> RECORDS FOR THE EXERCISE

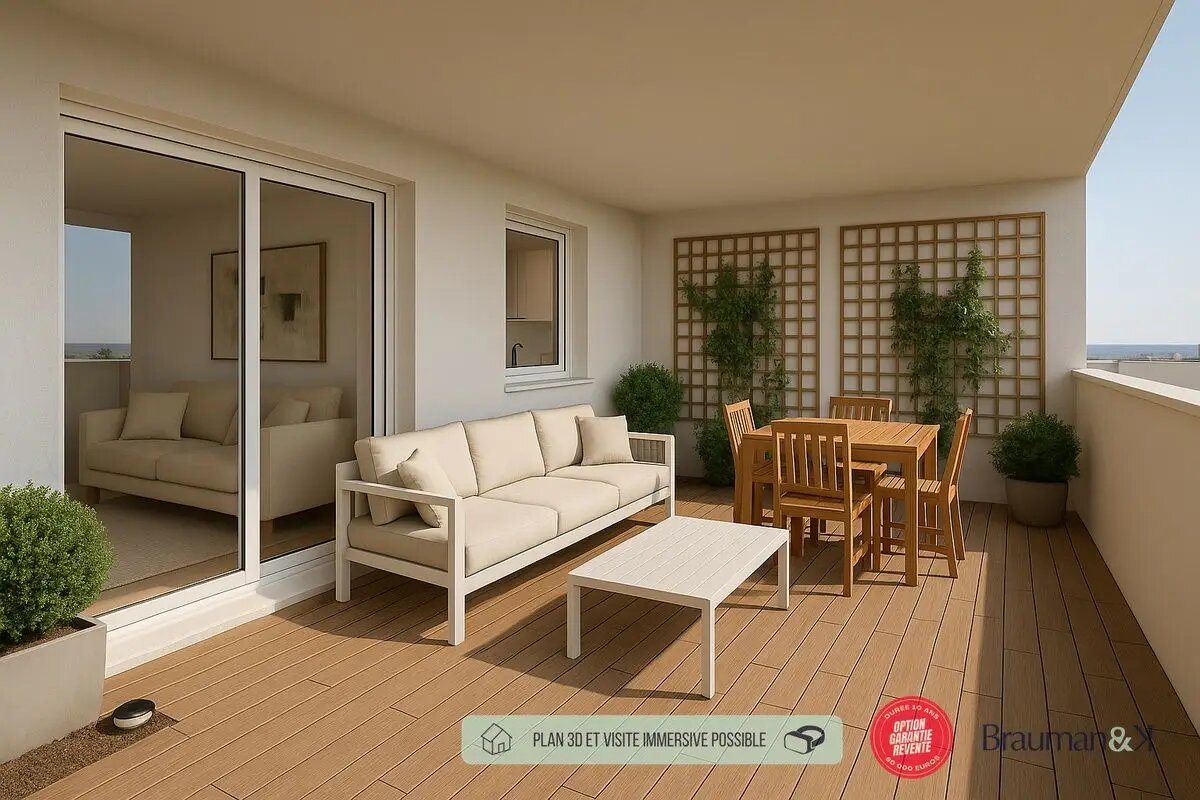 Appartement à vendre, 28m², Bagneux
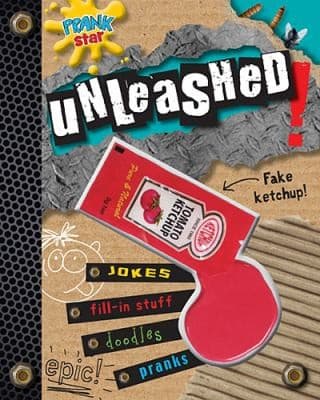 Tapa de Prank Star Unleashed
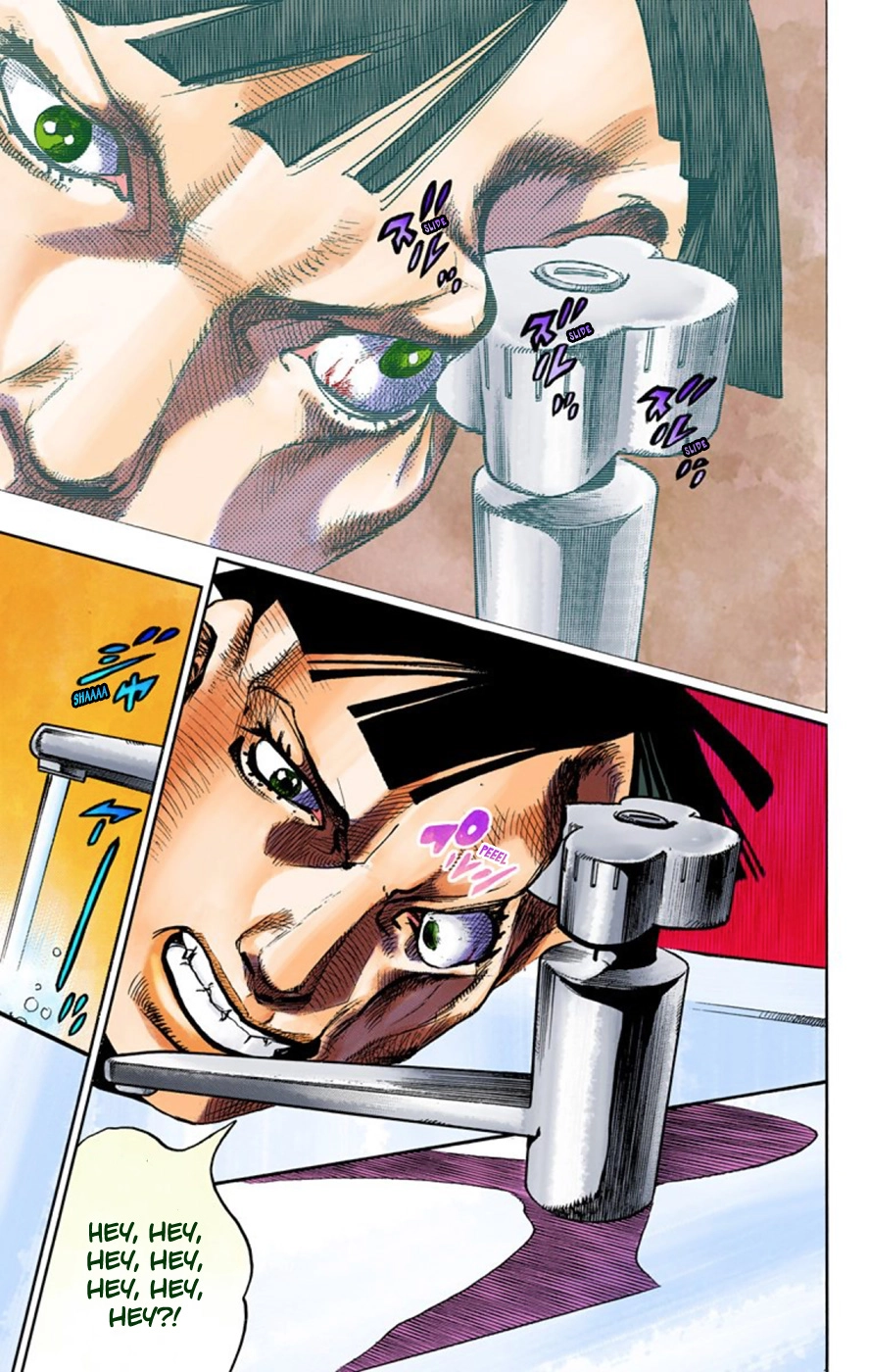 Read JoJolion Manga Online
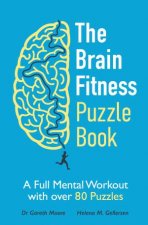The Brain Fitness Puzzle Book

...

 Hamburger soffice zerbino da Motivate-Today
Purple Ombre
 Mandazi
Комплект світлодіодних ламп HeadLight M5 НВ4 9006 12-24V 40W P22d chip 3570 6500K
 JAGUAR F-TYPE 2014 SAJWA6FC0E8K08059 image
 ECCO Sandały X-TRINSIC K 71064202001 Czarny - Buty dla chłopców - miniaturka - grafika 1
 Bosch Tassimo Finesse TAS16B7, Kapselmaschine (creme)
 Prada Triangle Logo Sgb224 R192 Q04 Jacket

==

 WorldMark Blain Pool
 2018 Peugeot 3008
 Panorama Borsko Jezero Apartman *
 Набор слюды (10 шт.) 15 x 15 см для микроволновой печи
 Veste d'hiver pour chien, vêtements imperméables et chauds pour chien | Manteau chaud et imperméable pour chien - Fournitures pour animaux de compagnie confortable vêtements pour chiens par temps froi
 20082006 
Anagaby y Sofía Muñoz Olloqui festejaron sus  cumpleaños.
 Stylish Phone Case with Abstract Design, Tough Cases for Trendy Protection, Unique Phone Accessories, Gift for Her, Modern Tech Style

> WORK TO BE COMPLETED
Could you set down, exactly as written, the lines above between the one holding "Комплект світлодіодних ламп" and the one holding "Prada Triangle Logo Sgb224 R192 Q04 Jacket", inclusive, and nothing more?

> RESPONSE
Комплект світлодіодних ламп HeadLight M5 НВ4 9006 12-24V 40W P22d chip 3570 6500K
 JAGUAR F-TYPE 2014 SAJWA6FC0E8K08059 image
 ECCO Sandały X-TRINSIC K 71064202001 Czarny - Buty dla chłopców - miniaturka - grafika 1
 Bosch Tassimo Finesse TAS16B7, Kapselmaschine (creme)
 Prada Triangle Logo Sgb224 R192 Q04 Jacket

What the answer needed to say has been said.